* _TASK MATERIAL_:
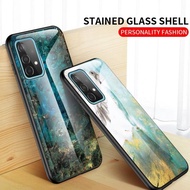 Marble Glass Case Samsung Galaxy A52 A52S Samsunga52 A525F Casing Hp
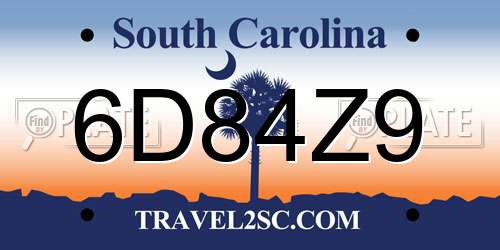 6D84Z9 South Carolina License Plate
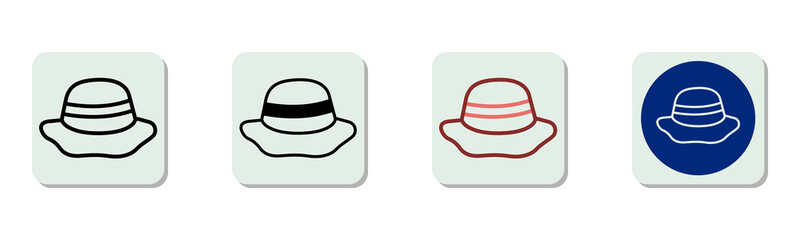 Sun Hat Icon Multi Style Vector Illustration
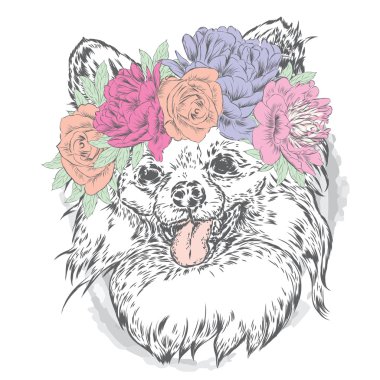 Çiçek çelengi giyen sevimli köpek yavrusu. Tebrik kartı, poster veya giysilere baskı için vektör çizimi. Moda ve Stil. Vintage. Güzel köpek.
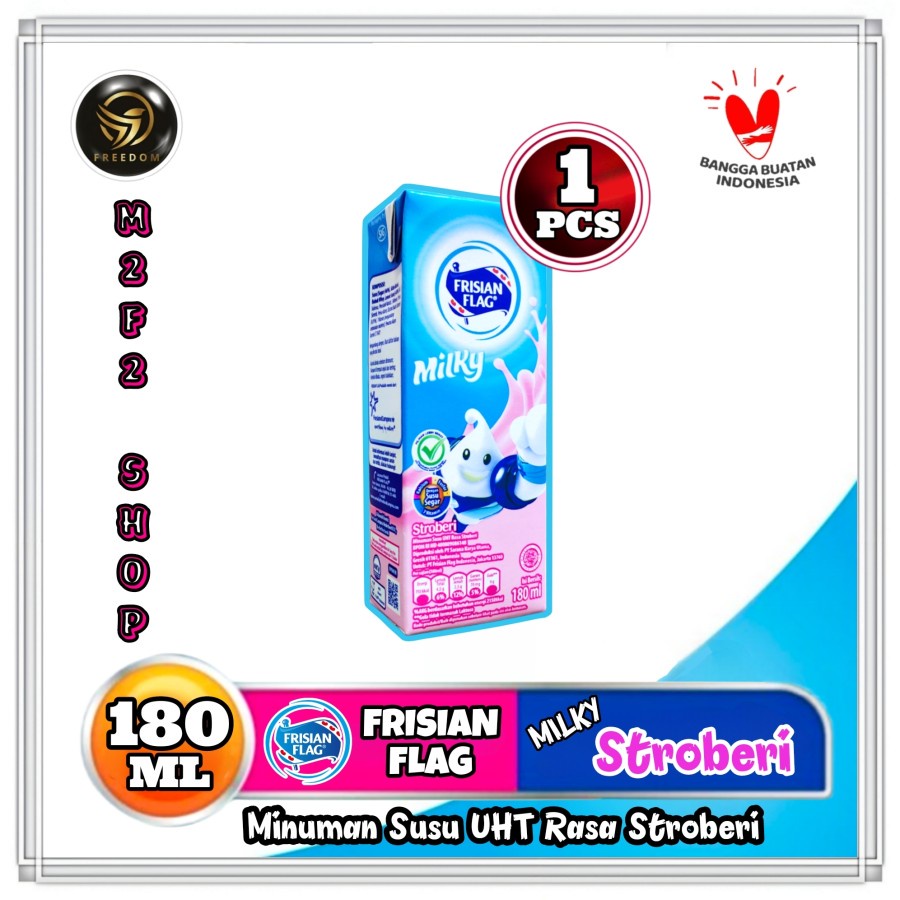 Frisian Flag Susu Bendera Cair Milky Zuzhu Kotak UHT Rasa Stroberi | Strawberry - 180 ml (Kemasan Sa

* _EXERCISE OBJECTIVE_: Exactly and only the lines from the top of the records down to the line containing "Çiçek çelengi giyen" should be transcribed, please, without the pictures.

* _REPLY TO THE EXERCISE_:
 Marble Glass Case Samsung Galaxy A52 A52S Samsunga52 A525F Casing Hp
 6D84Z9 South Carolina License Plate
 Sun Hat Icon Multi Style Vector Illustration
 Çiçek çelengi giyen sevimli köpek yavrusu. Tebrik kartı, poster veya giysilere baskı için vektör çizimi. Moda ve Stil. Vintage. Güzel köpek.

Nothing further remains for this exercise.